### Task to carry out
Reproduce the whole of the records exactly, and make sure no picture is carried into the result.

### Stored data
--------------------

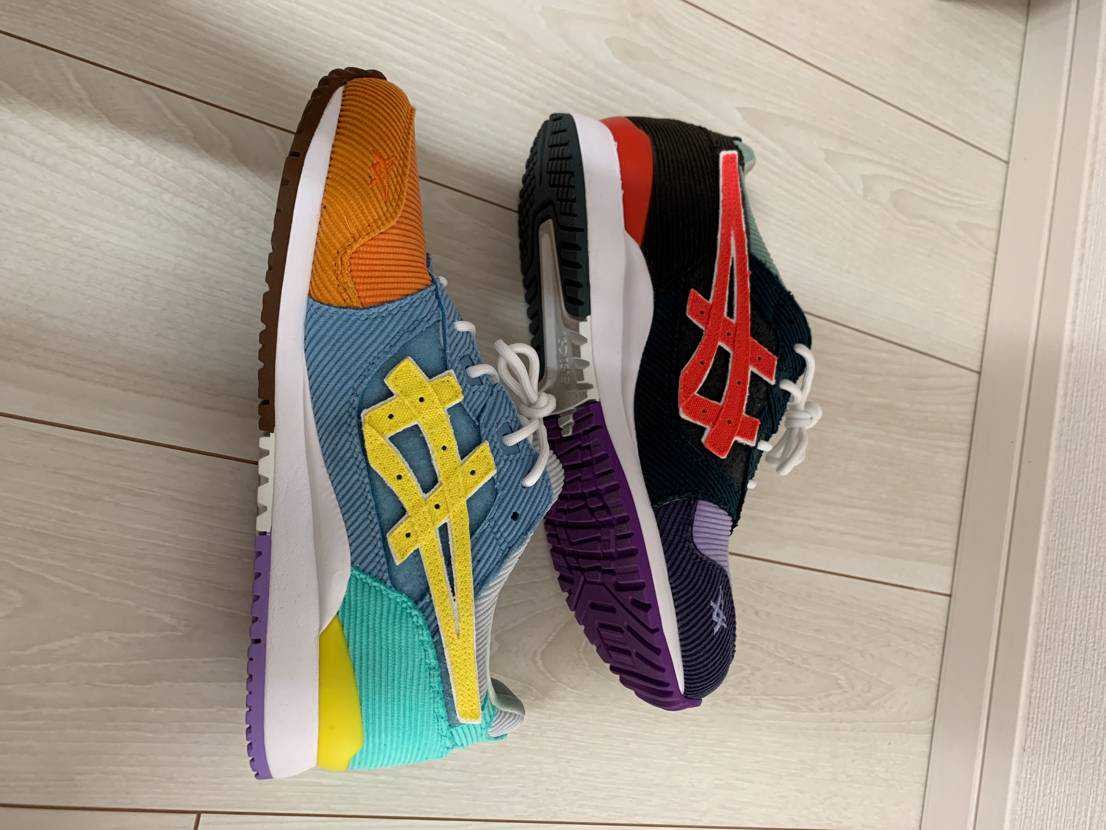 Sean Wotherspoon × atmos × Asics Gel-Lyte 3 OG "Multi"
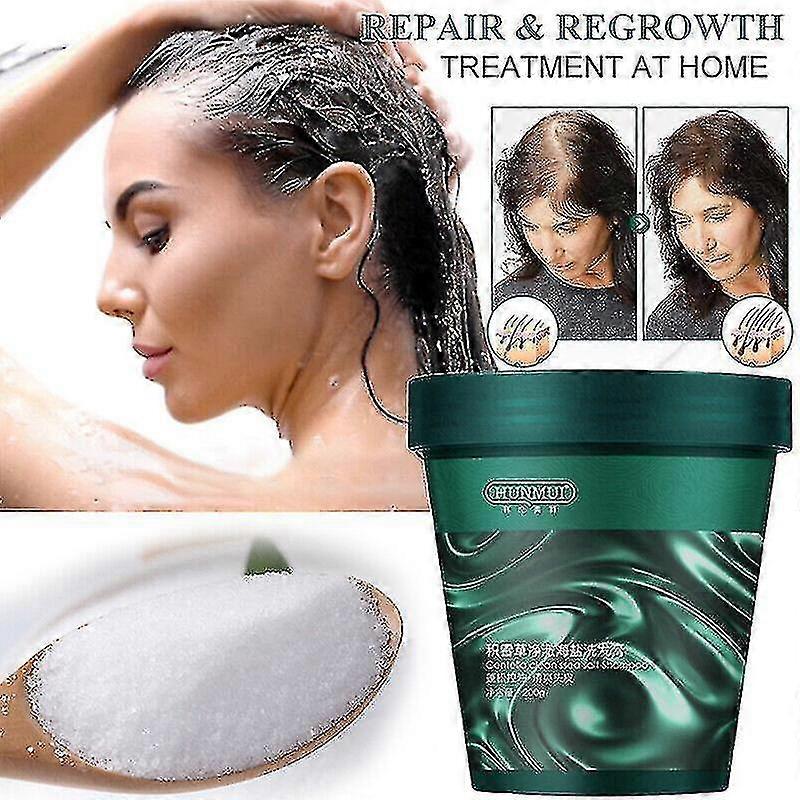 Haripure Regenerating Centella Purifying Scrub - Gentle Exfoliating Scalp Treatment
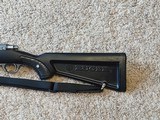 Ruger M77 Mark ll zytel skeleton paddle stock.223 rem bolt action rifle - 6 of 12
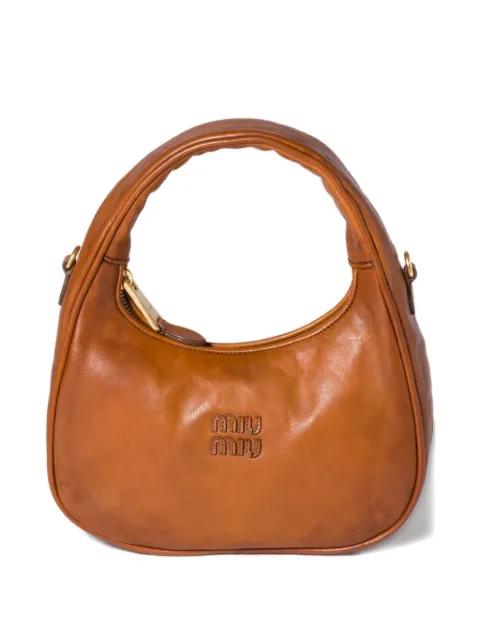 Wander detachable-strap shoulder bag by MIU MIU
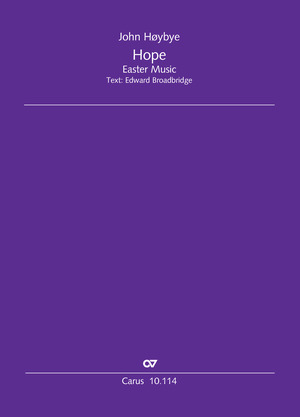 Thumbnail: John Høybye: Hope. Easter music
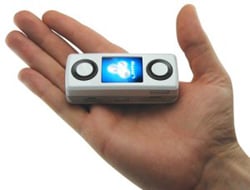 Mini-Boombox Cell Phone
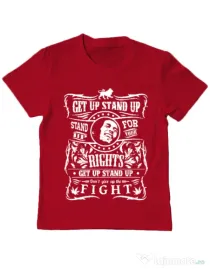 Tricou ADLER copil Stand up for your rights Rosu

--------------------

### Answer space
 Sean Wotherspoon × atmos × Asics Gel-Lyte 3 OG "Multi"
 Haripure Regenerating Centella Purifying Scrub - Gentle Exfoliating Scalp Treatment
 Ruger M77 Mark ll zytel skeleton paddle stock.223 rem bolt action rifle - 6 of 12
 Wander detachable-strap shoulder bag by MIU MIU
 Thumbnail: John Høybye: Hope. Easter music
 Mini-Boombox Cell Phone
 Tricou ADLER copil Stand up for your rights Rosu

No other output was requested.